People v. Torres

164 Cal. App. 2d 621 | Cal. Ct. App. | 1958

SCHOTTKY, J.

Defendant above named was charged by information with a violation of section 470 of the Penal Code, forgery, it being alleged that he “did willfully, unlawfully and feloniously and with intent to defraud, sign the name of another person or of a fictitious person, knowing that he had no authority to do so and fraudulently make, utter, publish and counterfeit a certain check in the sum of Forty One and 56/100 Dollars with intent to defraud Charles Feist and the Bank of Sonoma County, Forestville Branch, Forestville.” He pleaded not guilty, and following a trial, at which he was represented by counsel, he was found guilty. Judgment was pronounced and defendant has appealed from the judgment.

Upon appellant’s request that an attorney be appointed to represent him upon the appeal, this court appointed Mr. John P. Carson of the Sacramento Bar. Mr. Carson has in*622formed this court that after an interview with appellant and a careful review of the record, it is his opinion that there are no meritorious grounds of appeal.

We have made a careful study of the entire record and have concluded that the judgment should be affirmed.

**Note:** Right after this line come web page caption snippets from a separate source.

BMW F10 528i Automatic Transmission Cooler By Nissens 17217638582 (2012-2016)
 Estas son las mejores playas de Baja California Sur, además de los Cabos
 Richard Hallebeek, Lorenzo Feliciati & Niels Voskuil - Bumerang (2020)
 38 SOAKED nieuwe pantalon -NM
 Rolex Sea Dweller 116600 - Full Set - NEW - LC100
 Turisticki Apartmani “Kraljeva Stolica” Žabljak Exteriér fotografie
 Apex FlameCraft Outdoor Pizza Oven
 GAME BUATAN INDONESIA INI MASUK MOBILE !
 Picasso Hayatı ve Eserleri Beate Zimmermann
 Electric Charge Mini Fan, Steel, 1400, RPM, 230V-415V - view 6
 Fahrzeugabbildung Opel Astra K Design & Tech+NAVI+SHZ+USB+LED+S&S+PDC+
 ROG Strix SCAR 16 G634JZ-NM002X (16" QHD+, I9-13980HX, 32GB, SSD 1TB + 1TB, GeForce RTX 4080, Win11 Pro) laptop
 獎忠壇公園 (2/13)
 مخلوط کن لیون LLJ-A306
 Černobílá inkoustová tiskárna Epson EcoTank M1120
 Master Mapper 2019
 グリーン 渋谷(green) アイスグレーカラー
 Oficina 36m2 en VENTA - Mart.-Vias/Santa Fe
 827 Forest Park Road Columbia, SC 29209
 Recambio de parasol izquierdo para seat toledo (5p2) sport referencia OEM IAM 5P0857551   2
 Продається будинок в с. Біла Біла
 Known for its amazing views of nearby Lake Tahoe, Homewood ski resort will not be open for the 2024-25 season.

The only issue upon which an argument could be based was whether or not there was sufficient corroboration of the testimony of the admitted accomplice, Vivian Jean Elliott.

The evidence disclosed that Vivian Jean Elliott, a 17-year-old girl, obtained $300 from her parents’ bank account by signing her mother’s name to a withdrawal order. She took part of the money and went to Wenatchee, Washington, where she remained from Wednesday, July 31, 1957, to August 3, 1957, when she took a bus and returned to Santa Rosa where she met a friend, Pat Phillips, with whom she spent the day and at whose home she remained overnight. The next day Pat and Vivian, while walking, met a friend of Vivian’s family who told her that the district attorney was looking for her. Later she met appellant and she and Pat entered his car and drove around. Vivian told appellant that she had to get out of town and she asked him for the money she had given him before she left for Washington. He did not have it. They then took Pat to her home, after which appellant and Vivian drove to Porestville, where Vivian entered a bank and obtained a blank cheek. They then drove around and saw the name “G. D. Winter” on a mailbox. According to Vivian, appellant later wrote a cheek payable to the order of Vivian in the amount of $41. He signed the name “George D. Winters” to the check. Vivian endorsed the cheek and cashed it with a merchant she knew. She divided the proceeds with appellant and she returned to Pat’s residence to change, and later she and appellant went to Decoto, where they remained at appellant’s sister’s home until the 28th of August.

Evidence was produced to show that no George D. Winters resided in the county. One G. D. Winter, who had had an account in the bank on which the check had been drawn, had died several years before.

Pat Phillips testified that when she was with appellant and Vivian she overheard a conversation during which appellant told Vivian that the police were looking for her and they (appellant and Vivian) needed to forge cheeks in order to get out of town. Pat Phillips also testified that appellant told her that she looked innocent enough to cash checks; and testified further that a few days after Vivian was arrested *623appellant told her how Vivian got picked up and that he was not worried about getting caught.

Sherwood Morrill, an examiner of questioned documents, testified that Vivian, the endorser of the check, did not write the face of the check. He also testified that there was a lack of sufficient exemplars of appellant’s handwriting to enable him to make a positive conclusion, but that he found some acute similarities between the exemplars of appellant’s handwriting and the writing on the face of the check. In answer to the question “Would you say that defendant did not write the cheek?” he replied: “No, on the contrary I certainly cannot say that he did not, but my assumption is that he did, but that I didn’t feel that I was afforded a sufficient basis for a positive conclusion.”

The questioned check and the exemplars of appellant’s handwriting were introduced in evidence and were before the jury. As stated in People v. Weiskopf, 60 Cal.App.2d 214, 218 [140 P.2d 201], “the jury had before them a proven specimen of defendant’s genuine handwriting, and were authorized to make their own comparison of this handwriting with that appearing on the affidavit. (Code Civ. Proc., § 1944; . . .) ” The jury evidently was convinced that appellant wrote the face of the check.

We are satisfied that the testimony of the accomplice was sufficiently corroborated and that the evidence was sufficient to sustain the judgment.

The judgment is affirmed.

Van Dyke, P. J., and Warne, J. pro tem.,* concurred.

Assigned by Chairman of Judicial Council.